- **WHAT YOU NEED TO DO**: Every line of the material that holds "Cotton" should be counted; give the number and nothing more.
==== RECORDS PROVIDED ====
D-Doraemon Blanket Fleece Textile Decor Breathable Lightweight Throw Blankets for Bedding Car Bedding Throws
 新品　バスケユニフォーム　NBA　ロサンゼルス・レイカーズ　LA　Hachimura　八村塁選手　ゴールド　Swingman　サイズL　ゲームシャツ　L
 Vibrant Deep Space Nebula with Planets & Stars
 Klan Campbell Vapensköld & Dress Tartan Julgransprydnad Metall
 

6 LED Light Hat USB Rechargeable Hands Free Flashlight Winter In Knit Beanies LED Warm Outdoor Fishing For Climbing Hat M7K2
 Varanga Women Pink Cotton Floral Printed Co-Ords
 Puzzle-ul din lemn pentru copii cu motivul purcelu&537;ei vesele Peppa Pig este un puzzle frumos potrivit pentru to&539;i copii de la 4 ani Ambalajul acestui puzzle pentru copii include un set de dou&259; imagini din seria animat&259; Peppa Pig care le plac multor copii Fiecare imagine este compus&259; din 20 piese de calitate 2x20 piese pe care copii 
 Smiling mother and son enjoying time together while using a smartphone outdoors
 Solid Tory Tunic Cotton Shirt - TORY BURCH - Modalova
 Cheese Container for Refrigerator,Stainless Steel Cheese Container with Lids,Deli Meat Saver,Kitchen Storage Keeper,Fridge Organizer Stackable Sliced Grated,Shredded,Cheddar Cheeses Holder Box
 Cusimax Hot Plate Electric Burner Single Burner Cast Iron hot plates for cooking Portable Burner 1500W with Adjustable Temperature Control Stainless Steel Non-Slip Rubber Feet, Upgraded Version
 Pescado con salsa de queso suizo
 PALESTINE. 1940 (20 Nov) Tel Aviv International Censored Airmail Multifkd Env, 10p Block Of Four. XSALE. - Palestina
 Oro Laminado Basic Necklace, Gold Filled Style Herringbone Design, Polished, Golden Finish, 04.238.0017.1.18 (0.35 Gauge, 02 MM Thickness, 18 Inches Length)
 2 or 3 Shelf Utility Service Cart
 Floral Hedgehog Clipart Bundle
====
- **EXERCISE ANSWER**: 2